------ Records supplied

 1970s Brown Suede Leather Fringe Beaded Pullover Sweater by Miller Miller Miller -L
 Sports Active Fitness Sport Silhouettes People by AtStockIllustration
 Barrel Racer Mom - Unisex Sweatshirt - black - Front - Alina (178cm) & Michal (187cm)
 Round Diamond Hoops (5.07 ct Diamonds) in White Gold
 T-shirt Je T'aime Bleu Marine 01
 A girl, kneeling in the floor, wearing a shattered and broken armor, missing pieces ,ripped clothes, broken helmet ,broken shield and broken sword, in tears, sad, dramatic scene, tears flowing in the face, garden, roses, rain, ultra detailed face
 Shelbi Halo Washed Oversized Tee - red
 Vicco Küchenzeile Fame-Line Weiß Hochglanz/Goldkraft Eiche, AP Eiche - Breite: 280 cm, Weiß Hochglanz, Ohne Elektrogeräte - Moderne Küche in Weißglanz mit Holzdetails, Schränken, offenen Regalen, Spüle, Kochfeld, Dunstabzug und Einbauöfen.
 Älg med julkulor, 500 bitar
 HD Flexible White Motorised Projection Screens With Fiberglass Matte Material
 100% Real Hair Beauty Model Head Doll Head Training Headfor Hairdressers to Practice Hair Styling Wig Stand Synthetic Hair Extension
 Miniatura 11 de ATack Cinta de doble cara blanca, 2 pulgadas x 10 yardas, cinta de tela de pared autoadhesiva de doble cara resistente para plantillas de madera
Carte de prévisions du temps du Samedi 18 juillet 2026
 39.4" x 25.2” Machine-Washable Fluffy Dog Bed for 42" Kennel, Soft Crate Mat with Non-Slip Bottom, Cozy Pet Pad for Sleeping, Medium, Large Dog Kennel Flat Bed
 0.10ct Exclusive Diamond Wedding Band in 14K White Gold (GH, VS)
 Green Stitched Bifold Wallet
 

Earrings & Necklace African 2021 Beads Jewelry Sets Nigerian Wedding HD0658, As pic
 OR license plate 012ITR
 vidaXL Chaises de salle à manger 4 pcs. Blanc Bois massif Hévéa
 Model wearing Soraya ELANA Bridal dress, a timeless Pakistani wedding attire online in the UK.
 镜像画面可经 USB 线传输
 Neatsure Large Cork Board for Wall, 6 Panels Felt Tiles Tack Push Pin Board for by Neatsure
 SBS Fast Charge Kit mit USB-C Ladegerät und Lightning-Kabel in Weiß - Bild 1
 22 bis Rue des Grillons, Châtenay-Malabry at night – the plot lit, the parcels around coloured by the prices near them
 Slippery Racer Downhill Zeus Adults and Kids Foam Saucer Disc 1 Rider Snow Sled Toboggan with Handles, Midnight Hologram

------------

Task
Look through the data above for the string "Large" and copy every line where it appears.

Solution
 39.4" x 25.2” Machine-Washable Fluffy Dog Bed for 42" Kennel, Soft Crate Mat with Non-Slip Bottom, Cozy Pet Pad for Sleeping, Medium, Large Dog Kennel Flat Bed
 Neatsure Large Cork Board for Wall, 6 Panels Felt Tiles Tack Push Pin Board for by Neatsure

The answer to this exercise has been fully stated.